Interview with Arie Kaplan of “Speed Racer: Chronicles of the Racer”

Posted on April 1, 2008 at 8:00 am

Arie Kaplan writes the new series of Speed Racer comic books, called “Speed Racer: Chronicles of the Racer.” Separate from the big-budget movie coming out later this year, the comics provide Speed Racer with a wider range of settings and a deeper backstory than he has had before. I talked to Kaplan about Speed Racer and his other projects, including his three-part series for Reform Judaism Magazine about the Jewish origins and themes of comic books and comedy performers. Kaplan also writes for Mad Magazine, speaks often on subjects relating to Judaism and comedy, and has a new book coming out later this year: From Krakow to Krypton: Jews and Comic Books. Speed_Racer-chroniclesRI.jpg

How did you get involved with Speed Racer?

My series for Reform Judaism Magazine about the the influence of Jews on the comic book industry gave me a lot of contacts in the comic book world. I went to Wondercon and talked to IDW about Speed Racer. I had to go back and catch myself up on what was going on in comics. If you haven’t been reading comics for a while and then read the One More Day series, you think, “What the Hell has been going on?” The quality of the writing is getting stronger. It is more like TV shows, but there are things you can only do in comics.

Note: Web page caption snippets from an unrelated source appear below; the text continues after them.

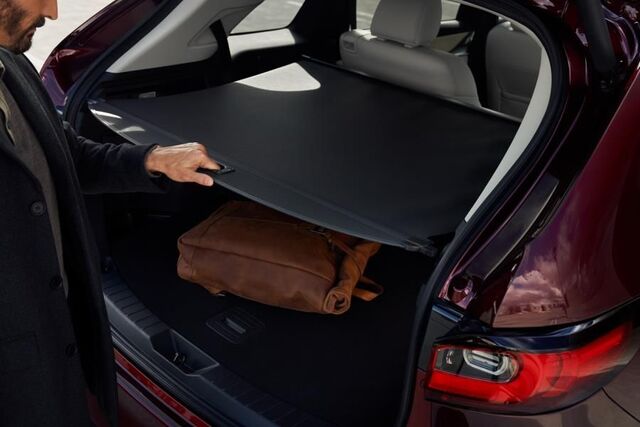 KMV6V1350 - Interior: Retractable Cargo Cover for Mazda Image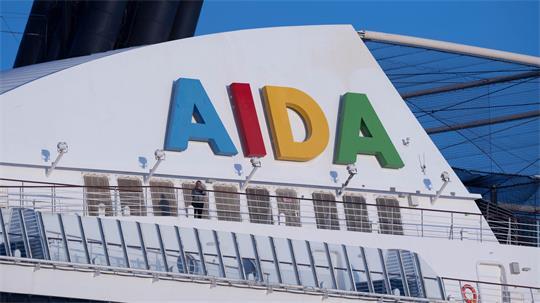 Die Weltreise mit der Rostocker Kreuzfahrt-Reederei Aida Cruises kostete laut Gericht 68.600 Euro. 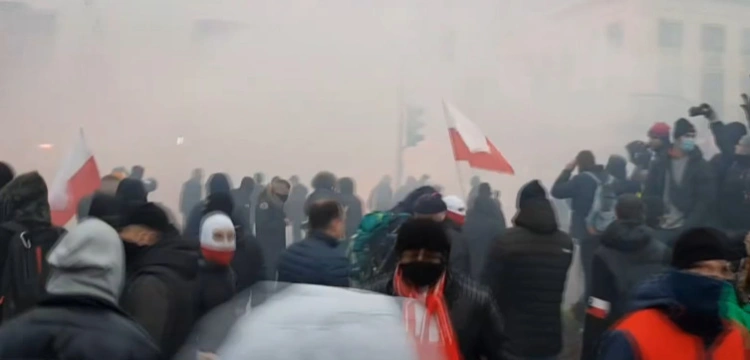 Policja podsumowuje Marsz Niepodległości. Zatrzymano 36 osób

I wrote a horror screenplay a while back. Even though it had a horror element the special effects had to be pretty low key. It couldn’t be like Transformers; it had to be low budget. For this Speed Racer series, each issue if they filmed it would cost like $300 million. In comics, you can do a story where it doesn’t feel self-indulgent but you can have pirate ships, giant transforming robots, not too grandiose or too loaded or over the top, but make it work. It costs the same amount of money to draw people having a conversation as having an action sequence, that’s the difference between comics and movies. Anyone who wants to draw Speed Racer likes to draw action sequences, racing, blowing stuff up, but it won’t take a special secret expensive pen. Your imagination is honestly the only special effect; the budgetary limits are met.

But you don’t want to put too many story twists; you don’t want to pack the story too much. You do burn through story quite a bit because Speed finds out he is the last of a long line of racers. His last name used to not be the family name, but the occupation. There is a chosen one in each generation, the one to outrace the evils of the world. He is a crime-fighter but instead of super powers or a utility belt he has the Mach 5.

How did you come up with your interpretation of Speed Racer?

I wanted to make him more iconic, more comic-booky, more kinds of stories. I wanted him to be more of a teenager, and I wanted to bring in some of the The Hero with a Thousand Faces themes.

The name was one of the inspirations for this series. I wanted some explanations about why the goofy characters would have such on the nose names. I thought about my own name. Arie means lion, Kaplan means religious leader. A lot of names come from occupations – what if Speed’s family was like that?